Figure 1-1 | Dépense intérieure brute de R-D (DIRD) au Québec (en $ constants), 2000 à 2013

Sources : Statistique Canada, CANSIM Tableau 358-0001 et Tableau 384-0038, (téléchargés le 14 juin 2017).

La recherche et le développement expérimental (R-D types de personnel en R-D)

Les statistiques sur la recherche et le développement expérimental (R-D) font l’objet de normes internationales définies par l’OCDE dans le manuel « de Frascati », du nom de la ville italienne où a eu lieu la première rencontre des experts nationaux qui ont élaboré ces normes.

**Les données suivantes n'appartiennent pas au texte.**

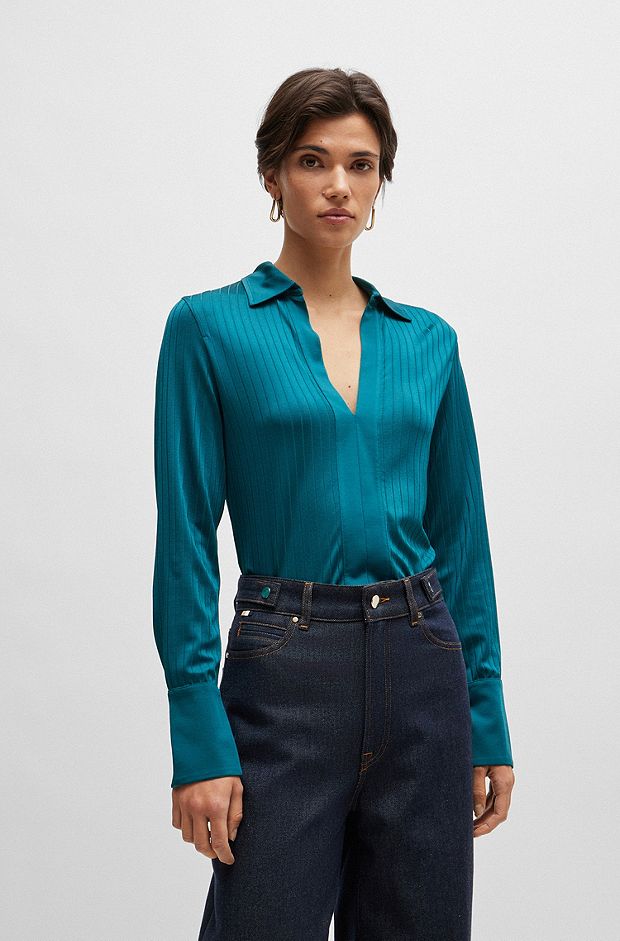 Ribbed long-sleeved blouse with Johnny collar, Light Green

Dotées d’une bonne comparabilité internationale, les statistiques de R-D permettent ainsi de situer la performance du Québec par rapport à celles des autres économies avancées, du point de vue des investissements et des ressources humaines consacrées à la recherche.

Soulignons que la R-D est définie de façon très englobante puisqu’elle comprend toutes « les activités créatives et systématiques entreprises en vue d’accroître la somme des connaissances — y compris la connaissance de l’homme, de la culture et de la société — et de concevoir de nouvelles applications à partir des connaissances disponibles. »

Ajoutons enfin que les enquêtes réalisées selon la méthode de Frascati visent l’ensemble des secteurs institutionnels où peuvent être exécutés des travaux de R-D, ce qui comprend l’enseignement supérieur, les entreprises, les gouvernements, de même que les organisations à but non lucratif.

Source : OCDE (2015), Manuel de Frascati. Lignes directrices pour le recueil et la communication des données sur la recherche et le développement expérimental – Mesurer les activités scientifiques, technologiques et d’innovation, 7e édition, Paris, OCDE, 443p.